Data under study Start Marker

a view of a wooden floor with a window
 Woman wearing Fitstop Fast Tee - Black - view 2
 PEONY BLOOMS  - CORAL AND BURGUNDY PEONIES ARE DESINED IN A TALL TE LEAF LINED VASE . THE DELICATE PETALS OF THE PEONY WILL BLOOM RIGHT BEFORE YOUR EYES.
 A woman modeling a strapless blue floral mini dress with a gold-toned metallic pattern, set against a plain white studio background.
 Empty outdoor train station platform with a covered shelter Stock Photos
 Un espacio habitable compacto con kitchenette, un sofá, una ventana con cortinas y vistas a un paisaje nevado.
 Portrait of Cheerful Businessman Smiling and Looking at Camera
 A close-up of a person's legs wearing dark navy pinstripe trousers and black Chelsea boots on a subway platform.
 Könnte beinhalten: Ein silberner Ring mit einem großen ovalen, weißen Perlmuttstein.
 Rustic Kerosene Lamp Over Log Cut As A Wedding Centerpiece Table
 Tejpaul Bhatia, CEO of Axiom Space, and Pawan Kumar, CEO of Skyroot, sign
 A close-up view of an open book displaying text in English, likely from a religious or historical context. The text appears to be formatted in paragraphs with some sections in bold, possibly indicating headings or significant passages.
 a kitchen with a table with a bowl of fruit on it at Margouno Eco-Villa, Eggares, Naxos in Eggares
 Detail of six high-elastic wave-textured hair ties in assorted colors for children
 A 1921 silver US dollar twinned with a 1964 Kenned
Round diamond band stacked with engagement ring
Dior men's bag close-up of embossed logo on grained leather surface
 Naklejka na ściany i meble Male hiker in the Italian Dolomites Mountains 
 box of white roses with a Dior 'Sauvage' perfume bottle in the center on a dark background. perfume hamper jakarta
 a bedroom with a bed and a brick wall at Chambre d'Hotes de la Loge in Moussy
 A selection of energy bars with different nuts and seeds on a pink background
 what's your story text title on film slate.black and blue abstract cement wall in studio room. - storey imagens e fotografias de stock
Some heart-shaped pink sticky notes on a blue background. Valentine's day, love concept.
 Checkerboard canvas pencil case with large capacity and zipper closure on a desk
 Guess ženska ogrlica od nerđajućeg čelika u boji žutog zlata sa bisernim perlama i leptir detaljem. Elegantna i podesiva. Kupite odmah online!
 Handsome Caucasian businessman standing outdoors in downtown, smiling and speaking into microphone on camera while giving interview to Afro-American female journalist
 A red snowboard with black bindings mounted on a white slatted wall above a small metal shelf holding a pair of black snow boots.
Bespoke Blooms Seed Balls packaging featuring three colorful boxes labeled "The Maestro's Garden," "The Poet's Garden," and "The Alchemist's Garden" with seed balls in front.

Data under study End Marker

### Exercise
Show, from the listing above, each line that contains the word "wearing".

### Solution for this problem
 Woman wearing Fitstop Fast Tee - Black - view 2
 A close-up of a person's legs wearing dark navy pinstripe trousers and black Chelsea boots on a subway platform.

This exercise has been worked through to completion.